Yesterday, Henderson, the fund manager that had refused to rule out such a move, formally stated that it was actively considering relocating to the Republic of Ireland. Henderson is likely to be pressed further on the issue at its first-half results today.
John Cridland, deputy director-general of the CBI, said: “The UK's uncompetitive corporate tax system is driving firms overseas and, until this is recognised and tackled, we fear more internationally mobile firms will follow this path.”

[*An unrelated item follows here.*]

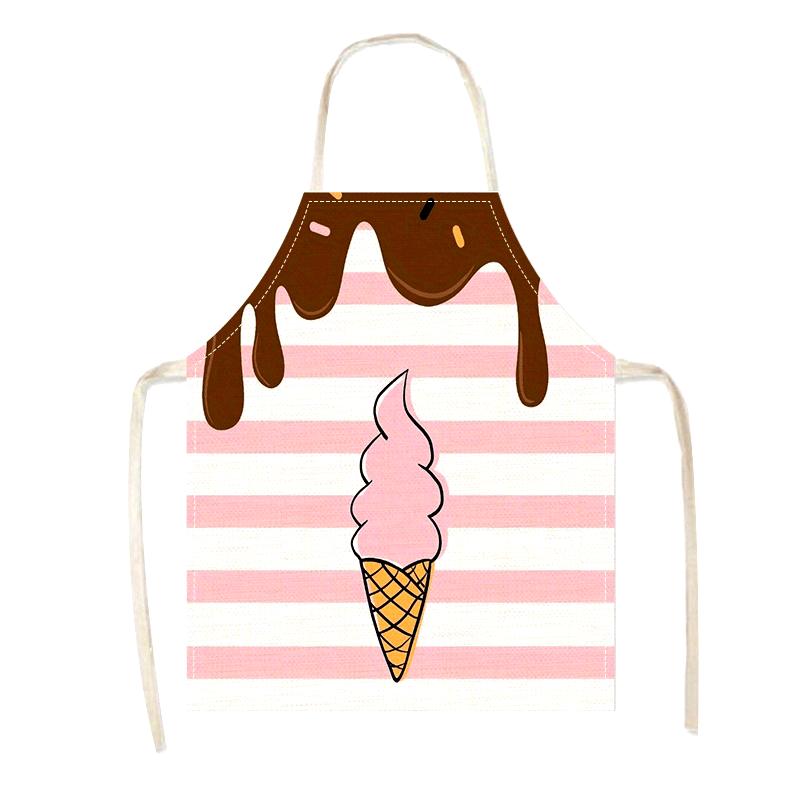 1pc Chocolate Drip Ice Cream Cone Striped Apron Linen Kitchen Baking Chef Gift For Her Funny Cooking Wear Home Decor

Hostility from the business community has led to a string of government concessions on tax. The Treasury has established a high-level working group to explore ways of ensuring that Britain remains competitive and it has consulted extensively on ways to improve the tax system. It has also pledged not to introduce fresh tax measures without gaining a consensus in corporate Britain.

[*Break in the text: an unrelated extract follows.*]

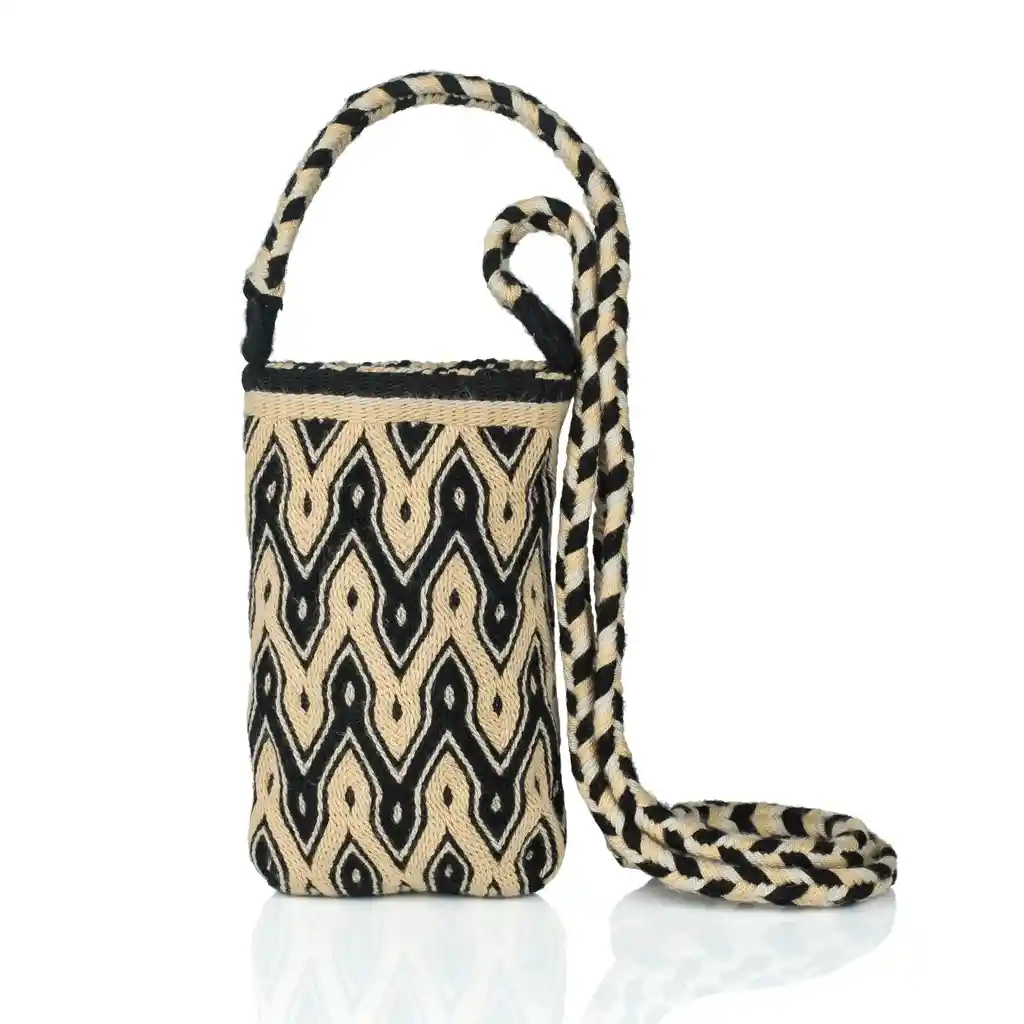 Maki Mini Wayuu Crossbody Bag Black/beige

Brit's tough tax line came as sliding returns on its investment portfolio halved pre-tax profits for the first half at the underwriter from £106.8 million to £49.9 million. Unrealised losses of £63.7 million, largely as a result of falling equity values and declining debt yields, wiped out gains of £65.8 million.

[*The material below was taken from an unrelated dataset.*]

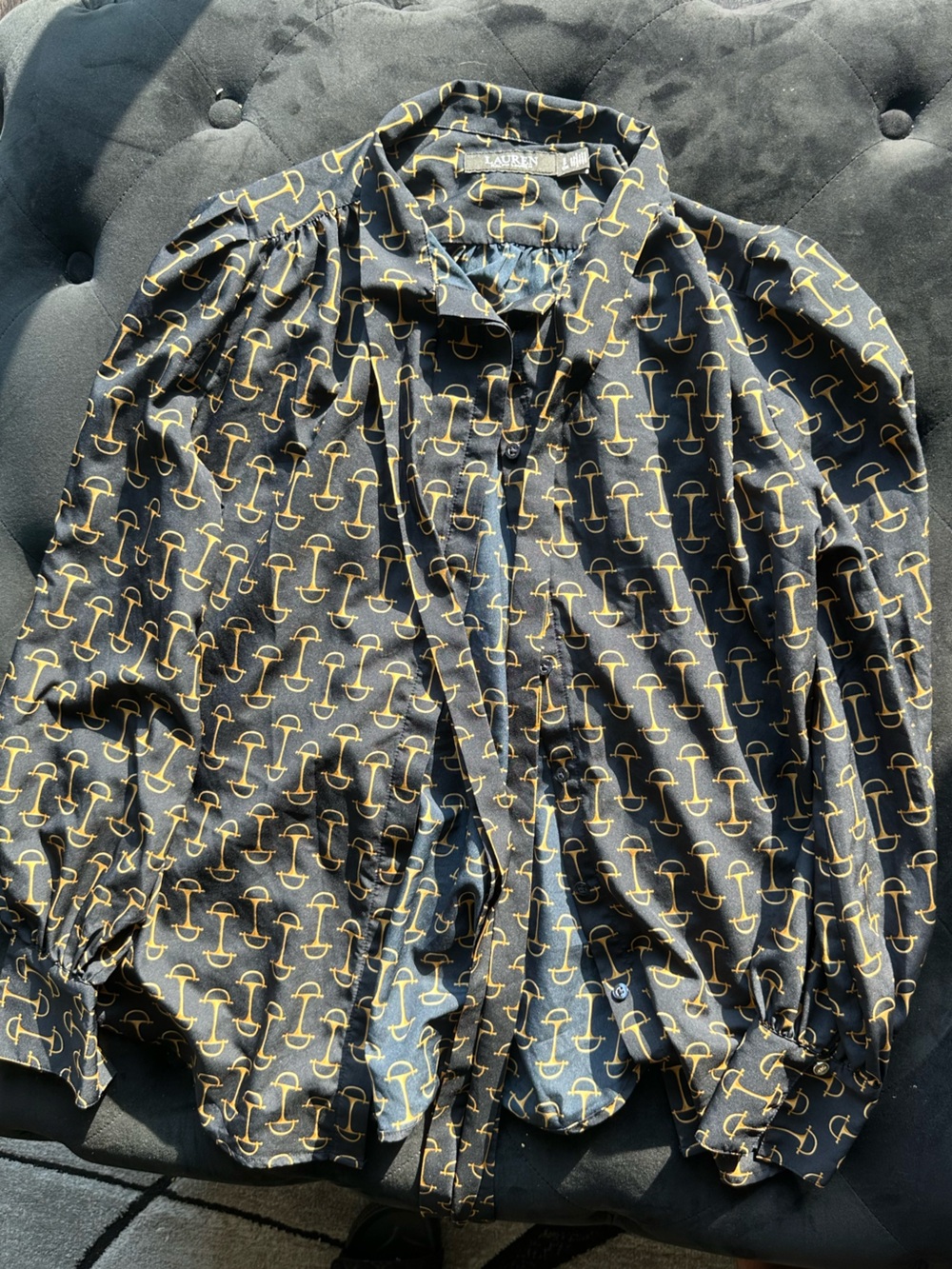Lauren Ralph Lauren Black & Gold Printed Button-Up Blouse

Brit holds about £2 billion in reserves, partly to cover the liabilities that it underwrites in its three business areas: global markets, reinsurance and the UK.
Mr Douetil said that the losses were largely an accounting issue. He said that he was pleased with the performance of the business and was convinced that it was well placed to withstand tougher market conditions in the months ahead.
The insurer held its interim dividend at 7p a share. Shares were down p at 185p.